В «Экономическо-философских рукописях 1844 года» Маркс пишет, что «сознательная жизнедеятельность непосредственно отличает человека от животной жизнедеятельности»[15, т. 42, с. 93]. Однако в «Немецкой идеологии» (1845 г.) этот «акцент» меняется:
«Людей можно отличать от животных по сознанию, по религии — вообще по чему угодно. Сами они начинают отличать себя от животных, как только начинают производить необходимые им средства к жизни»[15, т. 3, с. 19].
Но и в 1844 г., когда Маркс отмечает, что животное «тоже производит»[15, т. 42, с. 93], но «только сообразно мерке и потребности того вида, к которому оно принадлежит»[15, т. 42, с. 94], он всё же указывает на некоторую «градацию универсального производства»:
«…чем универсальнее человек по сравнению с животным, тем универсальнее сфера той неорганической природы, которой он живёт»[15, т. 42, с. 92].
Этот переход к современному человеку — переход количественных изменений в качественное преобразование.
Да, у животных, кроме человека, нет производственных отношений, как нет и систематического производства, сформировавшегося позднее у человека на основе орудийно-орудийной и коллективно-орудийной деятельности, ставшей необходимостью.

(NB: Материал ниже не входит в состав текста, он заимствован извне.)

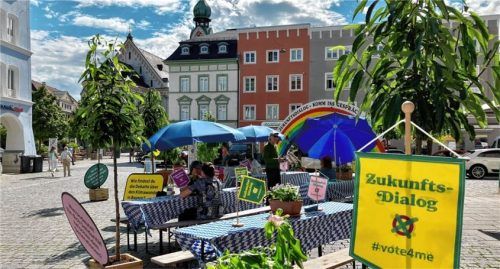 Greenpeace-Aktive hatten auf dem Grünen Markt einen kleinen Biergarten aufgebaut. Foto re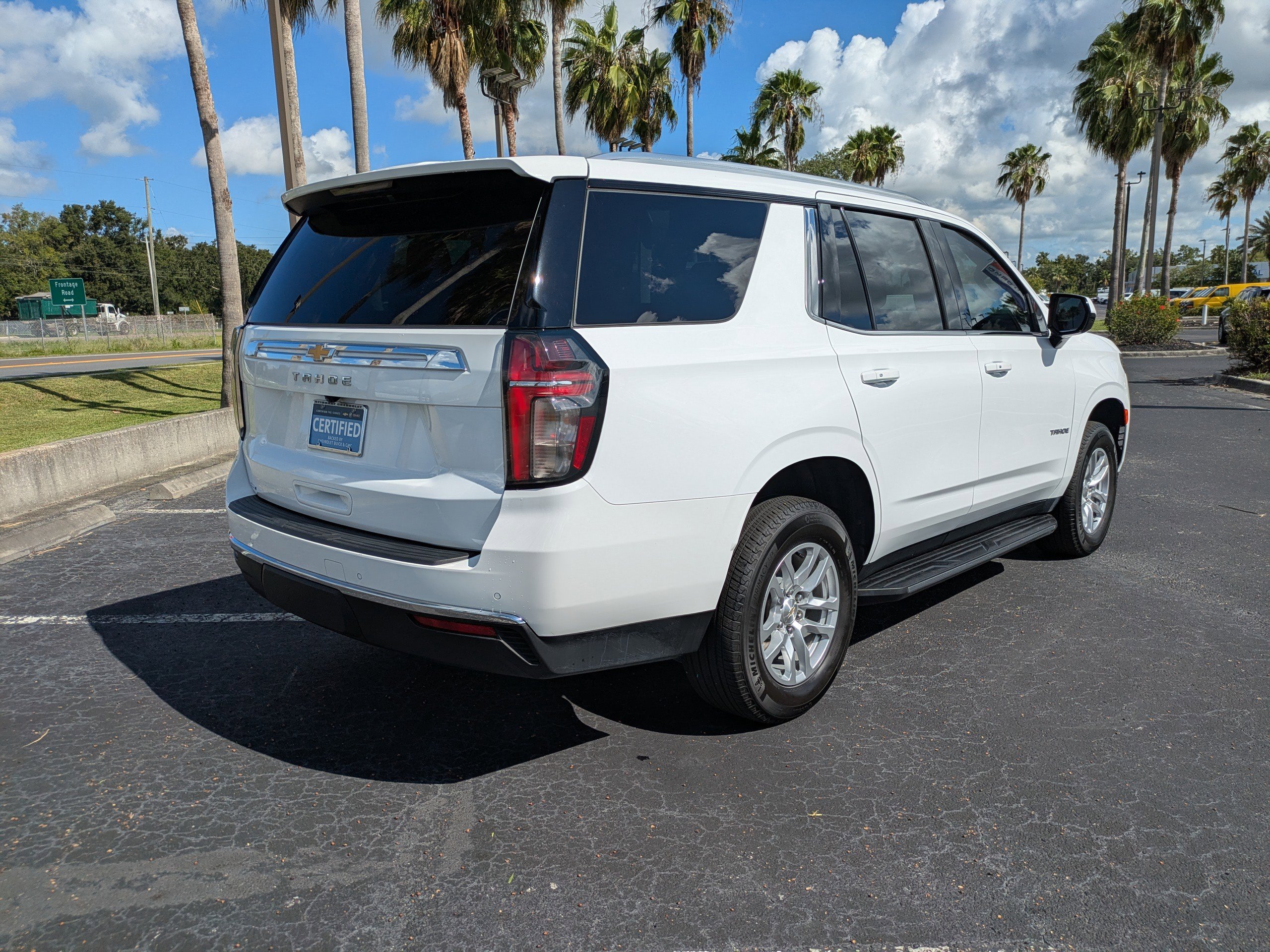 2023 Chevrolet Tahoe LS photo 3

Но самое первое человеческое общественное присваивающее хозяйство появляется ещё в условиях того биологического половозрастного распределения охотничье-собирательских ролей и добычи, которое само было моментом «производства самой жизни» в широком смысле и имело определённую поведенческую «надстройку». Тот факт, что распределение вообще может оказывать влияние на производство, отмечается Марксом.
«Если скажут, что, по крайней мере, поскольку производство должно исходить из известного распределения орудий производства, распределение в этом смысле предшествует производству и образует его предпосылку, то на это следует ответить, что производство действительно имеет свои условия и предпосылки, которые образуют собой его моменты. Последние могут сначала выступать как естественно возникшие. Самим процессом производства они превращаются из естественно выросших в исторические, и если для одного периода они выступали естественными предпосылками производства, то для другого периода они были его историческим результатом»[15, т. 12, с. 723].
Поэтому примитивный «Verkehr»3 и примитивная «мораль» зоологического коллектива на первых порах, «по инерции», выступают как данность и естественное наследие для того социума, в котором позднее, на основе систематического производства сложатся собственно производственные отношения, отношения по поводу производства.
По словам В. В. Орлова, «представление о человеческом индивидууме как биологическом элементе и, соответственно, о биологическом как связанном лишь с индивидуальным не соответствует также основам современной биологии. Как показано популяционной биологией, животный индивидуум является членом определённого биологического „коллектива“ — популяции и поэтому противопоставление человека как „коллективного“ существа животному, которое якобы существует вне отношений с себе подобными, является устаревшим. Животное в известном смысле тоже оказывается „совокупностью отношений“, но отношений биологических. Теория „робинзонады“ оказывается неприменимой, таким образом, не только к человеку, но и к животным. Различие между человеком и животным заключается отнюдь не в том, что животное обладает такой индивидуальностью, что может существовать независимо от сообщества себе подобных, а человек не может и, следовательно, не имеет столь ярко выраженной индивидуальности, а в том, что животное и популяция, человек и общество есть качественно специфические уровни развития материи, имеющие качественно различные элементы и связи»[18, с. 120-121].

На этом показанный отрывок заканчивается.